== Material to process
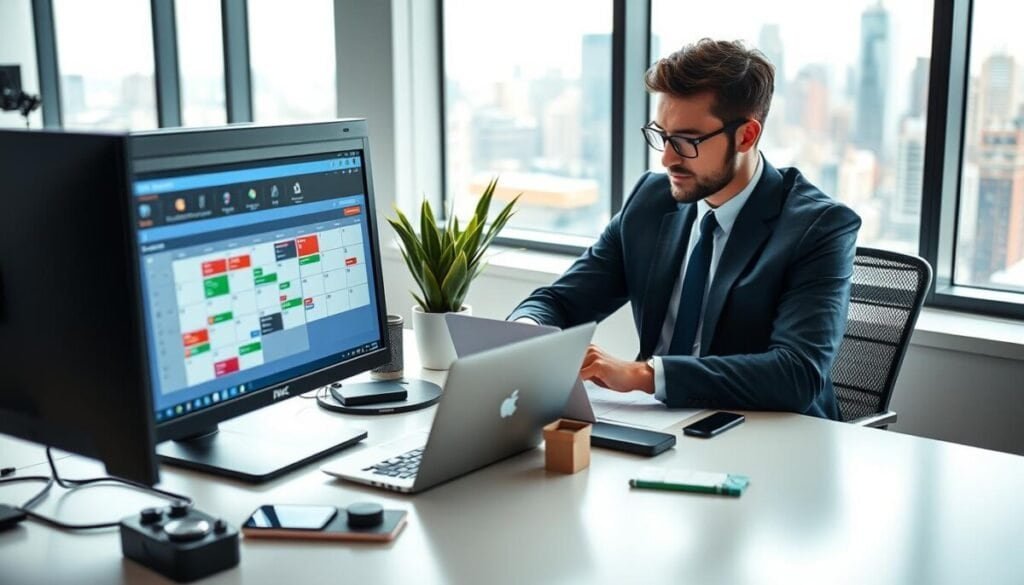 A modern office workspace featuring a sleek computer setup with a user navigating a calendar integration interface. In the foreground, a focused individual in professional business attire is adjusting settings on a laptop, with bright, soft lighting illuminating the screen’s vibrant calendar visuals. In the middle, a stylish desk cluttered with tech gadgets and stationery adds an element of productivity, while a potted plant brings a touch of greenery. In the background, a large window lets in natural light, showcasing a lively cityscape, contributing to an atmosphere of efficiency and innovation. The composition should evoke a sense of focus and modernity, reflecting the theme of seamless technology integration.
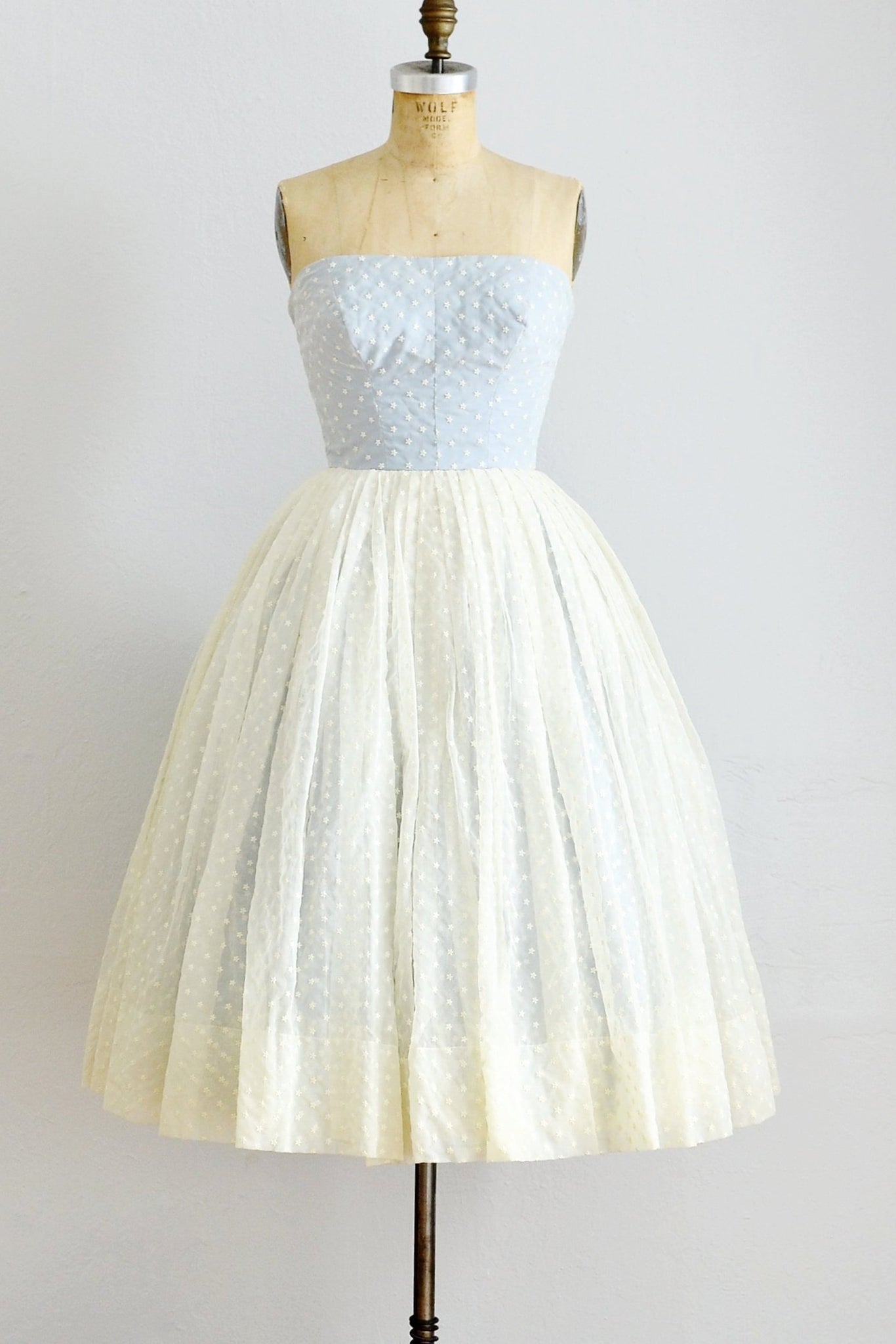 50s Strapless Embroidered Dress - Pickled Vintage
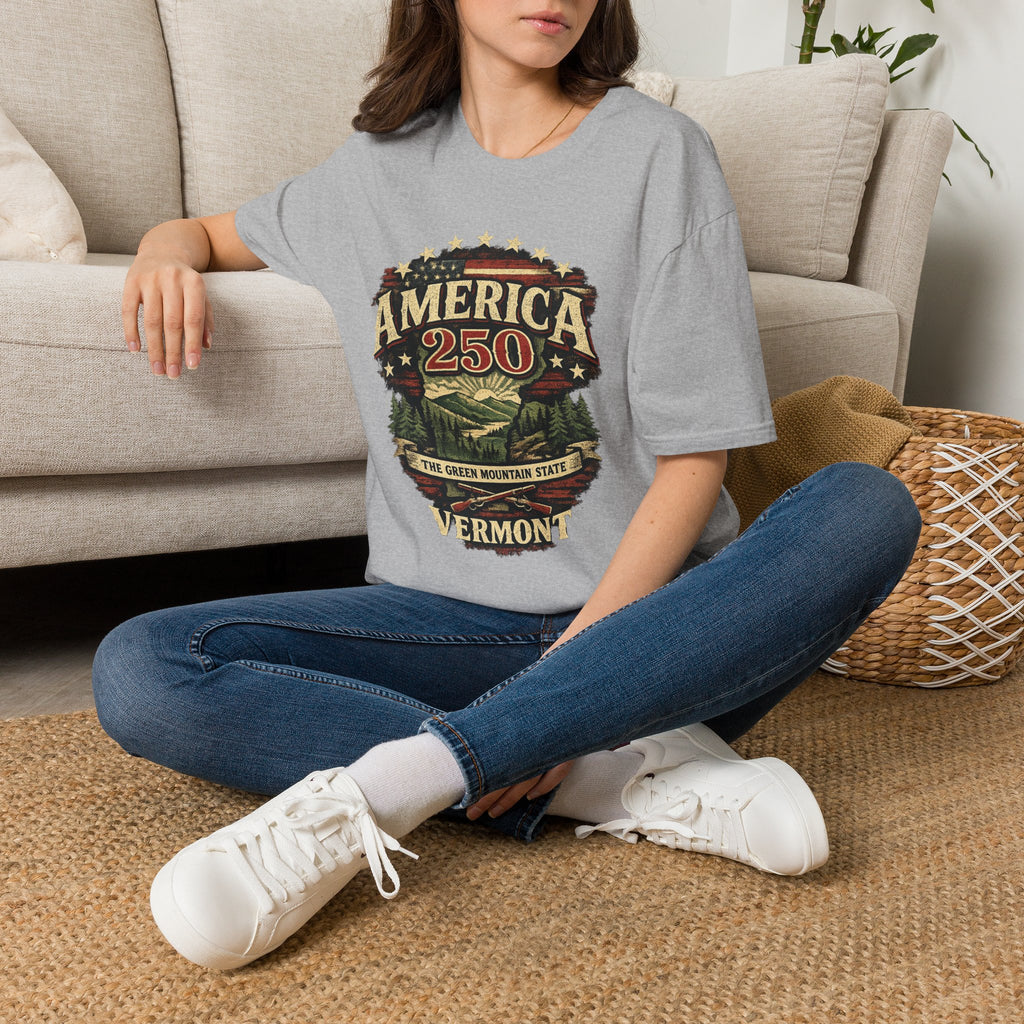 America 250 – Vermont “The Green Mountain State” Vintage Tee Design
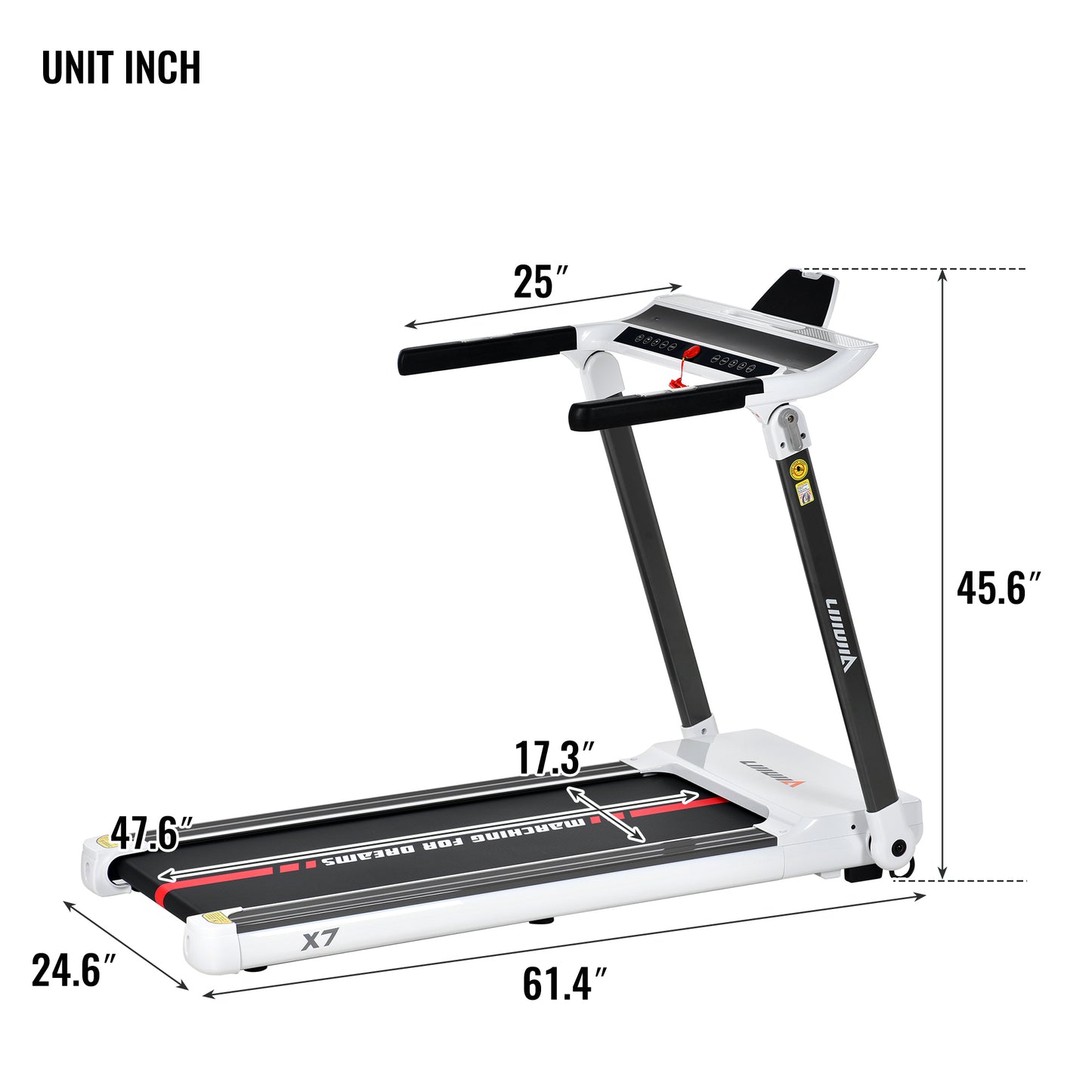 ZC FLYYD Portable Folding Treadmill with Smart App & Bluetooth (White) | 3.5HP Motor, 330 Lbs Capacity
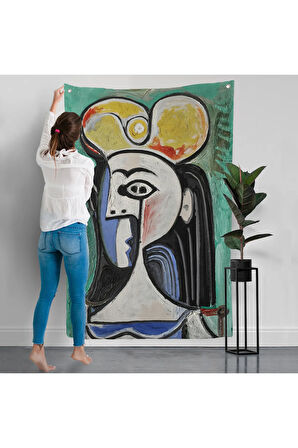 Pablo Picasso - Jaqueline Roque Portre Duvar Örtüsü-8087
====
* **Your instructions**: If the records contain pictures, skip them, and transcribe exactly every line from the one with "ZC FLYYD Portable" through the last line.

* **Answer to the problem**:
 ZC FLYYD Portable Folding Treadmill with Smart App & Bluetooth (White) | 3.5HP Motor, 330 Lbs Capacity
 Pablo Picasso - Jaqueline Roque Portre Duvar Örtüsü-8087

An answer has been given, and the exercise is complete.